According to lead author Xingjie Ni, associate professor of electrical engineering at Penn State, the tiny cubes—dubbed nanoantennas—can receive and emit electromagnetic waves similar to the way bunny ears on old TVs receive and emit radio waves. “By designing those nanoantennas to differentiate geometry, you can control the emitted light,” he says. He calls this process “tuning.”

For instance, some nanoantennas can be programmed to hold light for a time to accumulate its phase and then re-emit it, or they could absorb all the light and then only re-emit half of it back. In this way, the scientists were able to individually tune the nanoantennas to act as if they were reflecting a flat surface instead of the bumpy objects they were cloaking. “We used the various antenna distributions to recover the phase from distortion of the object so we could erase all that information,” Ni says.

Unfortunately, limitations still dog this kind of cloaking. Ni says the metasurface cloak was made using electron beam lithography, a specialized printing technique that cuts a pattern from material using a single laser beam of electrons—a slow and costly process. “It’s very good for research, but not very good for mass production,” he says. In addition, the cloaks only work for a narrow bandwidth of light (around 700 nm), so Ni’s team is now attempting to broaden the wavelengths that can work with a cloak. They’re experimenting with applying metasurfaces to traditional lenses as well as shaping metasurfaces into sophisticated designs that control a wider band of the visible spectrum.

In the future, Ni says, he can see metasurface cloaks being used by the military to hide tanks, weapons, or even people. (Governments are already developing heat cloaks that hide from thermal cameras.) But Ni thinks there’s more to these metasurfaces than just espionage. “Since we can control light,” he says, “why don’t we just create something that’s actually seen in sci-fi movies?” He envisions new ways to display light, like the holodeck in Star Trek or holograms in Star Wars. They use the same principles as cloaking, he says, but the opposite. “Cloaking is making things disappear, but a hologram is making things [appear] from nowhere.”

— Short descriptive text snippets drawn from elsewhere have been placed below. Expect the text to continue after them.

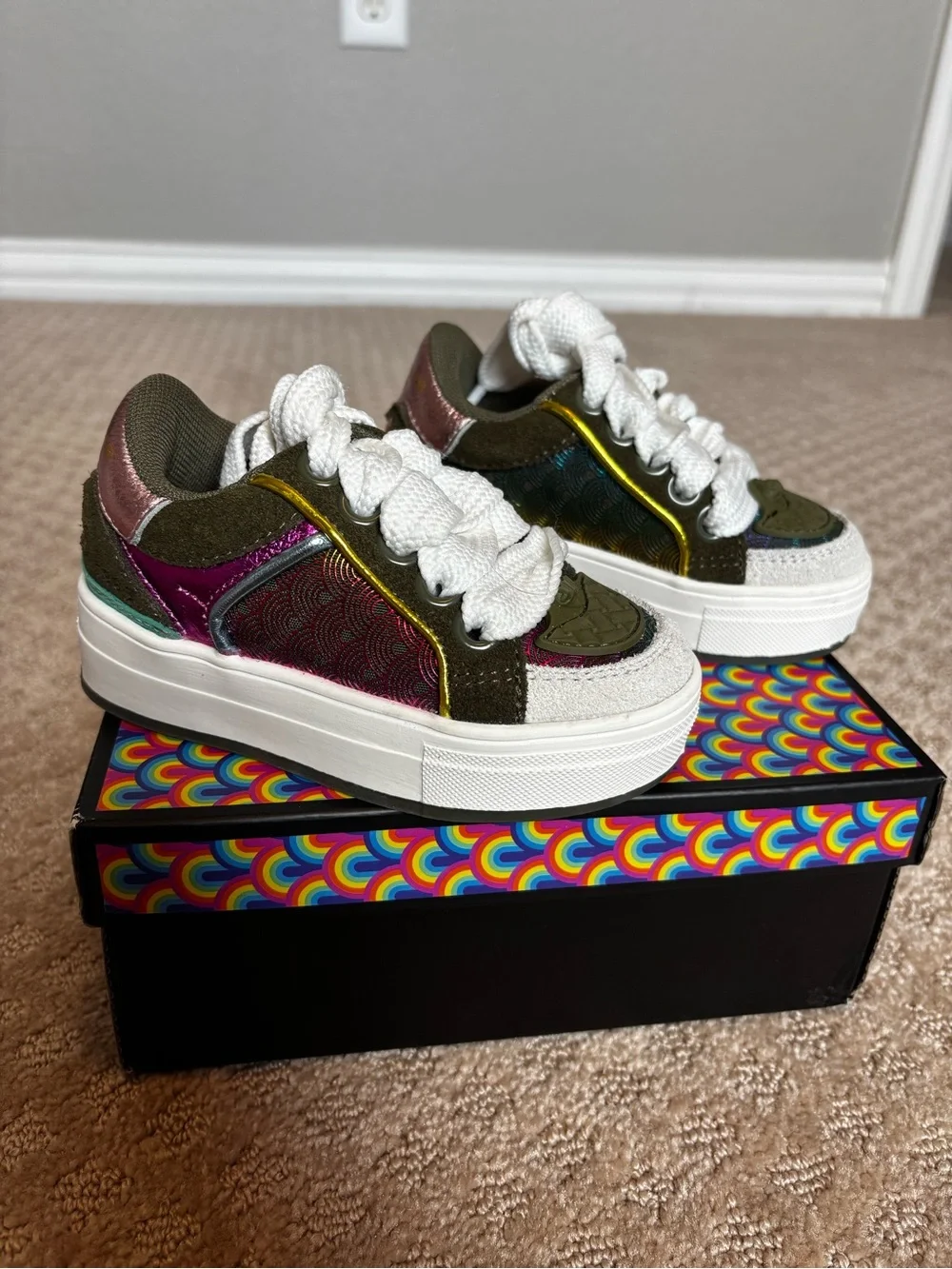 Kurt Geiger Mini Southbank Sneaker size 6-7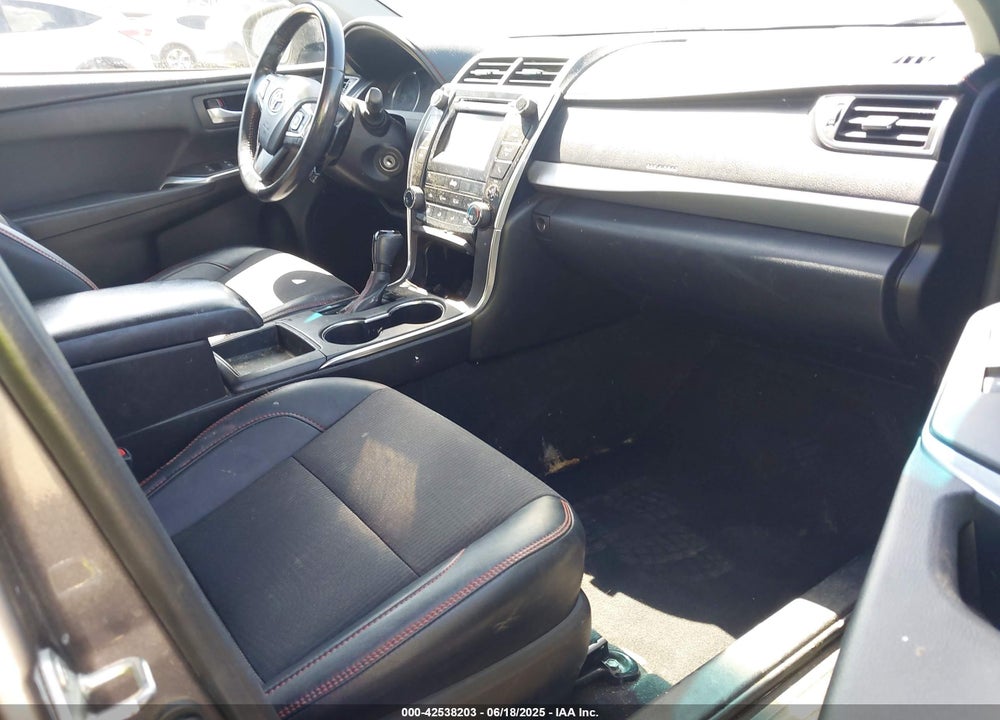 2016 TOYOTA CAMRY VIN: 4T1BF1FK5GU547687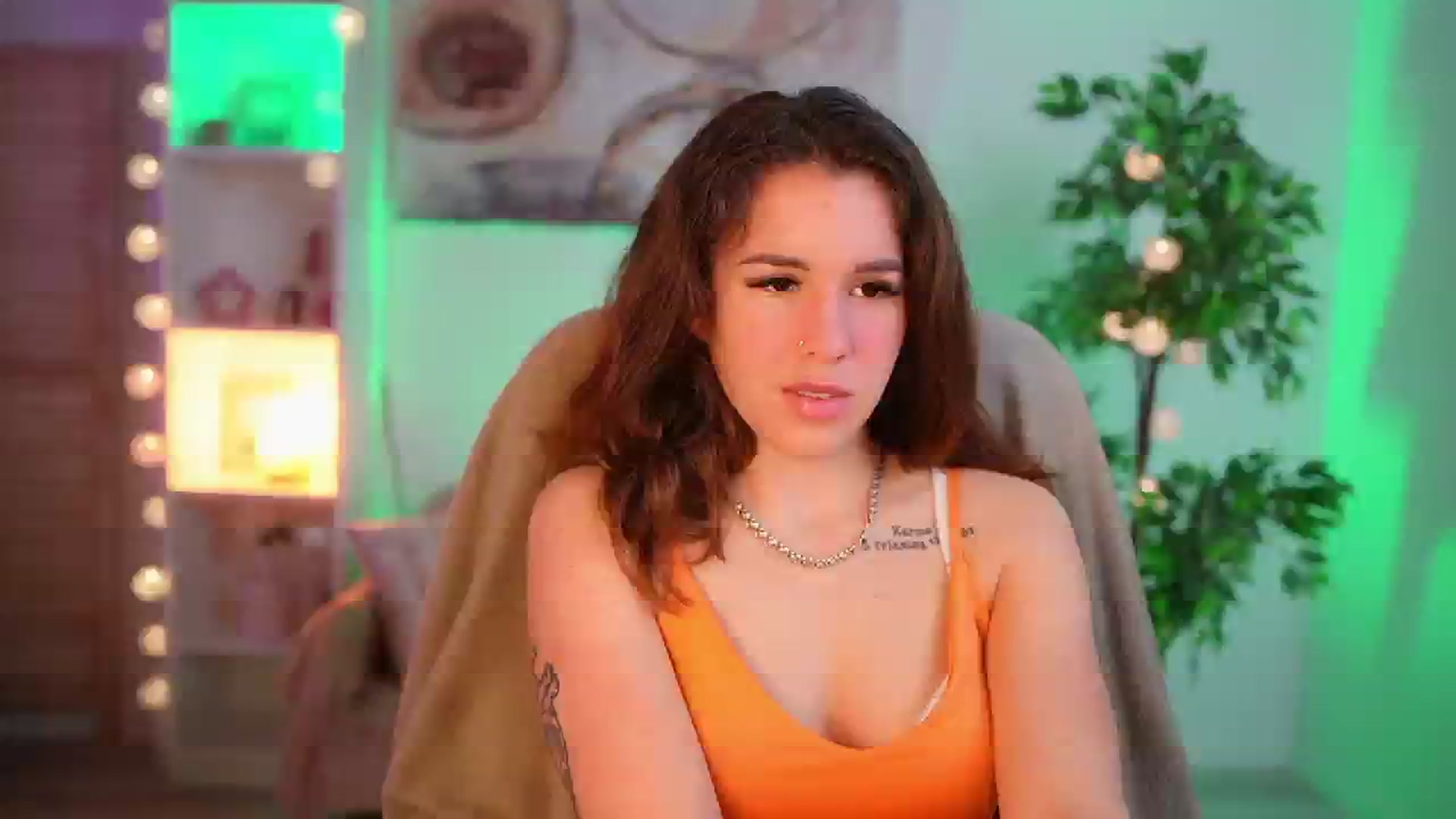 Gallery image thumbnail from Alyssa_Hall's myfreecams stream on, 03/26/2025, 18:32 image 4 of 20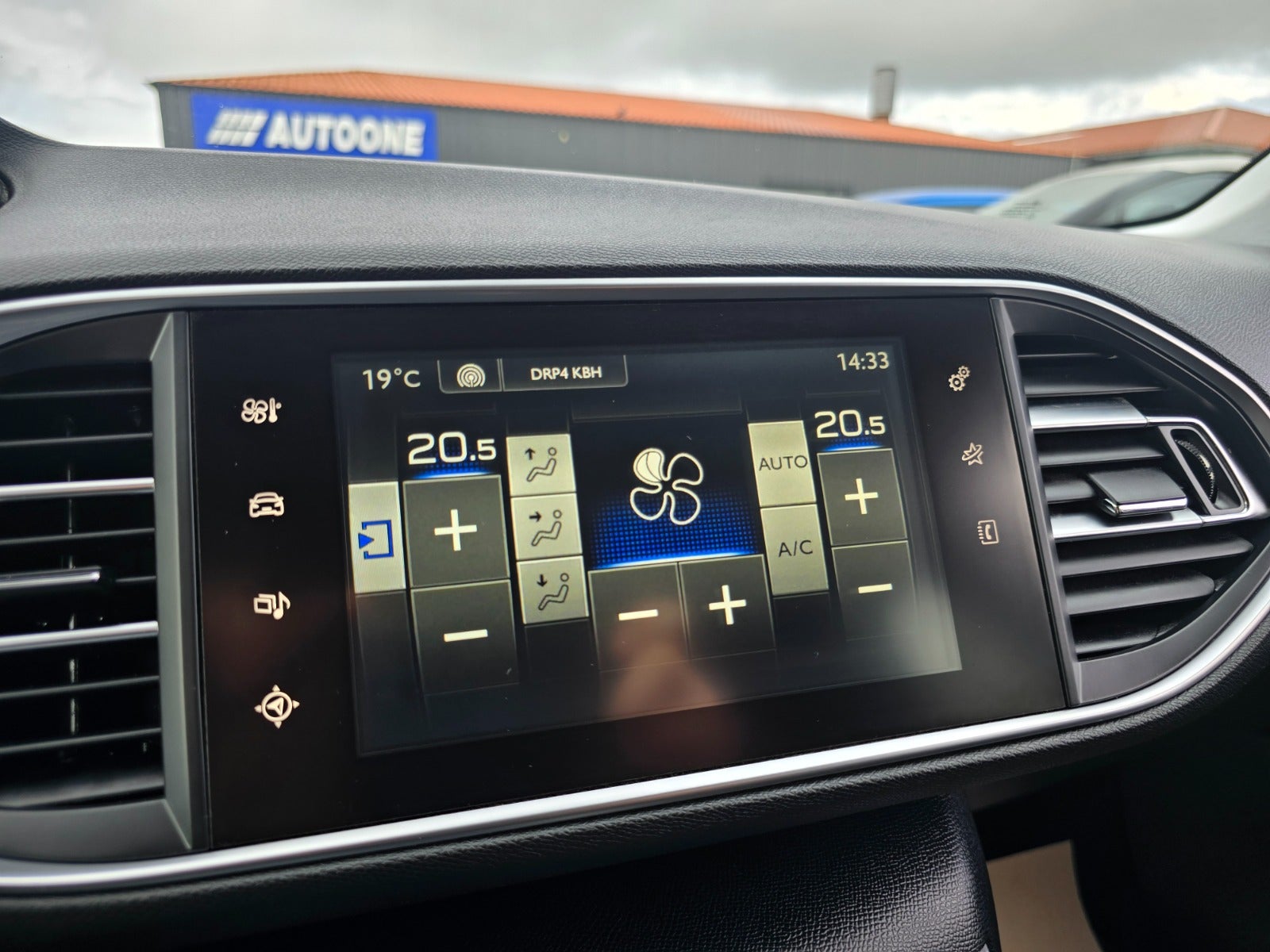 Billede af Peugeot 308 1,6 BlueHDi 120 Style SW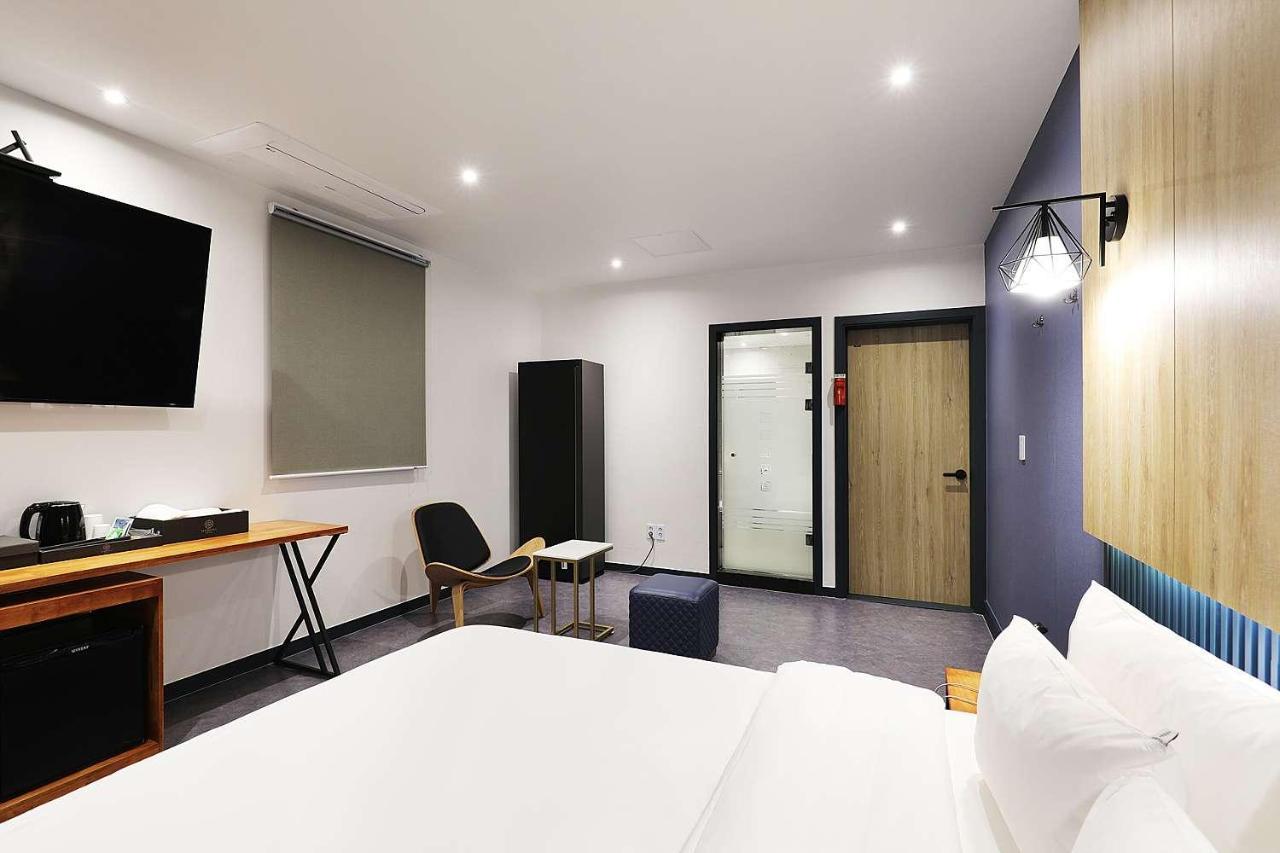Mariposa Hotel Songtan Pyeongtaek Esterno foto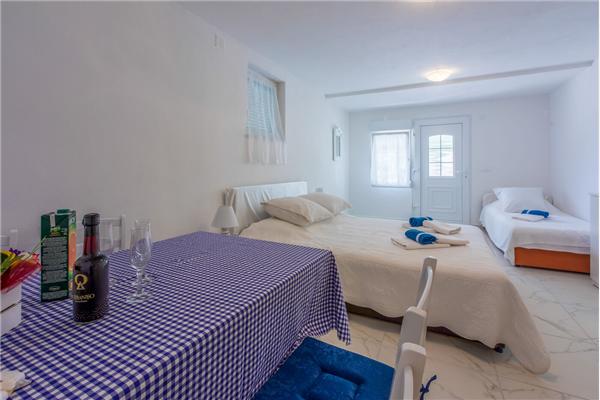 Apartment A1, for 3 persons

As scientists have learned more about invisibility, new uses have been imagined and explored in thermal, acoustic, and even spacetime cloaking. But for now, at least, a true cloak of invisibility remains the stuff of fiction.

Rachel Lense is a freelance science writer, poet, and artist living in the greater Washington, DC area. She loves to tell stories at the intersection of science, technology, and culture, and emphasizes the dual roles history and language tend to play in therein.